(Stored items)
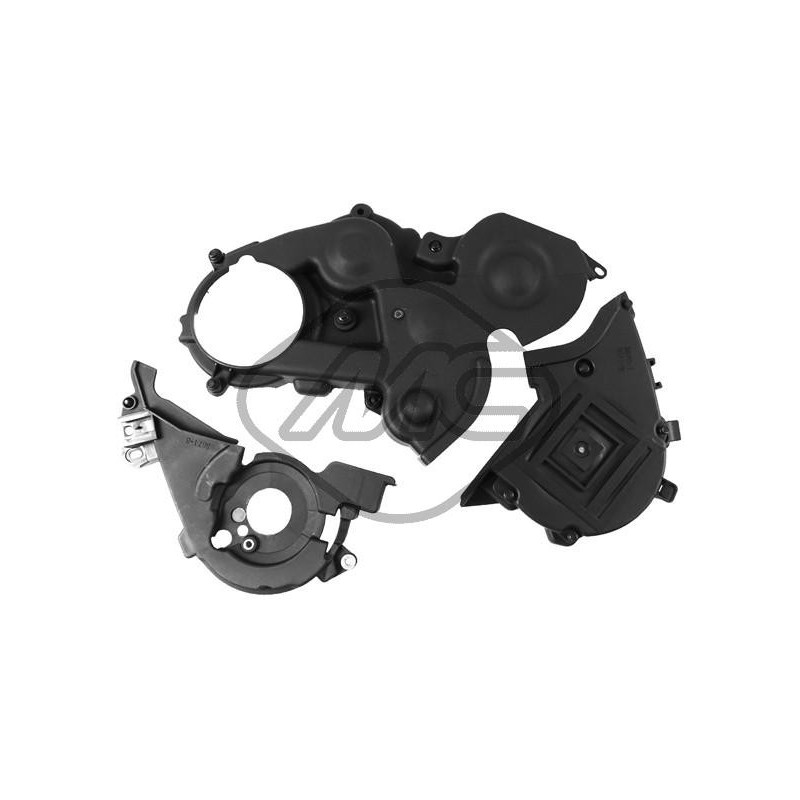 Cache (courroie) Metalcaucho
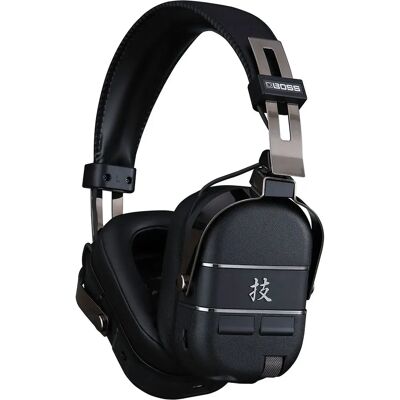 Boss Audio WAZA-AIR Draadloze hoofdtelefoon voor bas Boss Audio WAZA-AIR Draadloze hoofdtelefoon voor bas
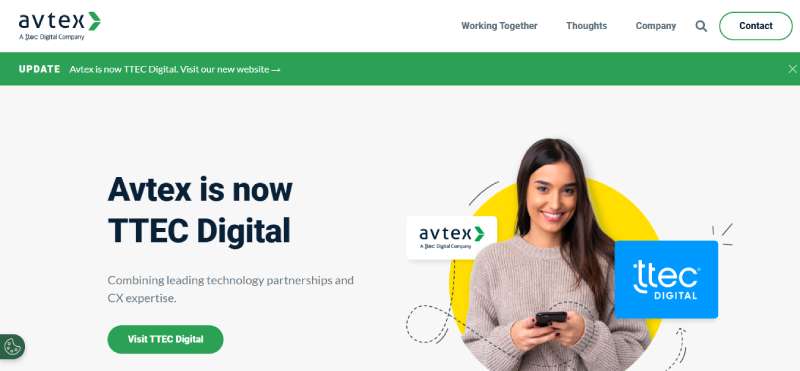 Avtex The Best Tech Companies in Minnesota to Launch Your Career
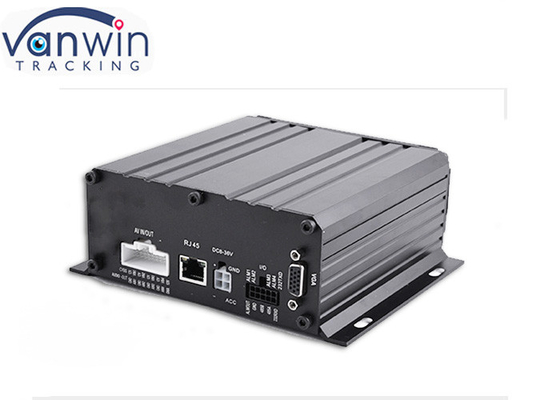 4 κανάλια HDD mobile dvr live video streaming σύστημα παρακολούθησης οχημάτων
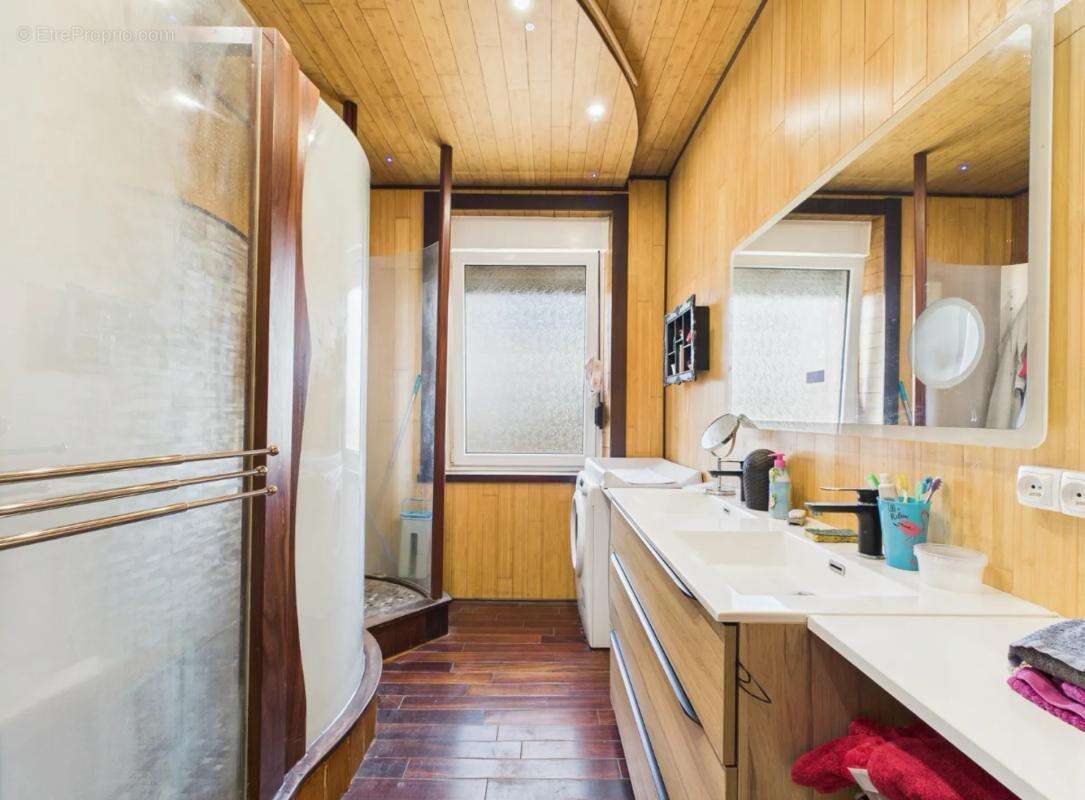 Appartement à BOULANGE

Task to carry out.
Output the records above exactly as written, but leave out the pictures.

Problem solution.
 Cache (courroie) Metalcaucho
 Boss Audio WAZA-AIR Draadloze hoofdtelefoon voor bas Boss Audio WAZA-AIR Draadloze hoofdtelefoon voor bas
 Avtex The Best Tech Companies in Minnesota to Launch Your Career
 4 κανάλια HDD mobile dvr live video streaming σύστημα παρακολούθησης οχημάτων
 Appartement à BOULANGE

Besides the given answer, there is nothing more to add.